What’s the training accuracy of this model?

accuracy_score(train_y, pure_pipe.predict(train_x))
0.709375

Regularized Model¶

Let’s do a regularized model now! We’re going to use \(L_2\) (Ridge) regression, which is the default for logistic regression.

We will use LogisticRegressionCV to select regression strength using cross-validation on the training data. It will automatically try 10 different regression strengths.

reg_pipe = Pipeline([
    ('standardize', StandardScaler()),
    ('classify', LogisticRegressionCV())
])

Now train it:

reg_pipe.fit(train_x, train_y)
Pipeline(steps=[('standardize', StandardScaler()),
                ('classify', LogisticRegressionCV())])

Now let’s grab the logistic regression out of it and start looking at some of its parameters:

reg_model = reg_pipe.named_steps['classify']
reg_model.coef_
array([[ 0.24039303,  0.32109707, -0.50014372]])

You can see that these coefficients are a little smaller than they were in the un-regularized model. Regularization is doing some work!

What regularization strength did it learn?

reg_model.C_
array([0.35938137])

Remember \(C = 1/\lambda\), to connect this value to the videos.

What’s our training accuracy?

accuracy_score(train_y, reg_pipe.predict(train_x))
0.709375

A quick note: the logistic model is trained on transformed variables. If we try to apply it to un-transformed varaibles, it will have no idea what to do:

accuracy_score(train_y, reg_model.predict(train_x))
c:\users\michaelekstrand\.virtualenvs\cs533-web-yawkpmjf\lib\site-packages\sklearn\base.py:438: UserWarning: X has feature names, but LogisticRegressionCV was fitted without feature names
  warnings.warn(
0.321875

The pipeline makes sure that the same transforms are applied at predict time that were learned at model training time.

Decision Tree¶

from sklearn.tree import DecisionTreeClassifier, plot_tree
dtree = DecisionTreeClassifier(max_depth=2)
dtree.fit(train_x, train_y)
DecisionTreeClassifier(max_depth=2)
plot_tree(dtree, feature_names=feat_cols, impurity=False, class_names=['Deny', 'Admit'], label='root')
[Text(167.4, 181.2, 'gpa <= 3.435\nsamples = 320\nvalue = [217, 103]\nclass = Deny'),
 Text(83.7, 108.72, 'rank <= 2.5\n177\n[138, 39]\nDeny'),
 Text(41.85, 36.23999999999998, '89\n[63, 26]\nDeny'),
 Text(125.55000000000001, 36.23999999999998, '88\n[75, 13]\nDeny'),
 Text(251.10000000000002, 108.72, 'rank <= 1.5\n143\n[79, 64]\nDeny'),
 Text(209.25, 36.23999999999998, '23\n[5, 18]\nAdmit'),
 Text(292.95, 36.23999999999998, '120\n[74, 46]\nDeny')]
../../../_images/SciKitPipeline_48_1.png
accuracy_score(train_y, dtree.predict(train_x))
0.71875

Now let’s make an unlimited decision tree:

uldtree = DecisionTreeClassifier()
uldtree.fit(train_x, train_y)
DecisionTreeClassifier()
accuracy_score(train_y, uldtree.predict(train_x))
0.99375

Test Data Accuracy¶

Let’s test our two different models on the testing data.

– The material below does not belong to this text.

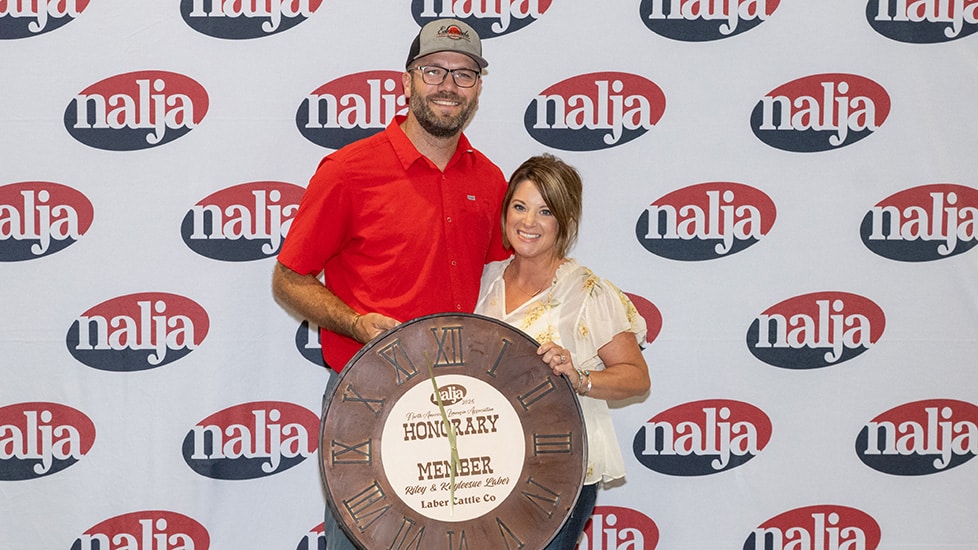 Two people stand smiling in front of a backdrop with repeated nalja logos. They hold a large clock-shaped award that reads Honorary Member along with the nalja logo and other text.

test_x = test_students[feat_cols]
test_y = test_students[out_col]
pure_y = pure_pipe.predict(test_x)
reg_y = reg_pipe.predict(test_x)

What is our pure-model accuracy?

accuracy_score(test_y, pure_y)
0.6875

And our reg-model accuracy?

accuracy_score(test_y, reg_y)
0.7

The two regression models had the same training accuracy, but the regularized model does slightly better on the test data.

We would like to get an estimate of whether this meaningful or not. We can’t use a proportion test, because the proportions are paired. We can’t use a t-test, because we don’t have multiple samples of continuous values.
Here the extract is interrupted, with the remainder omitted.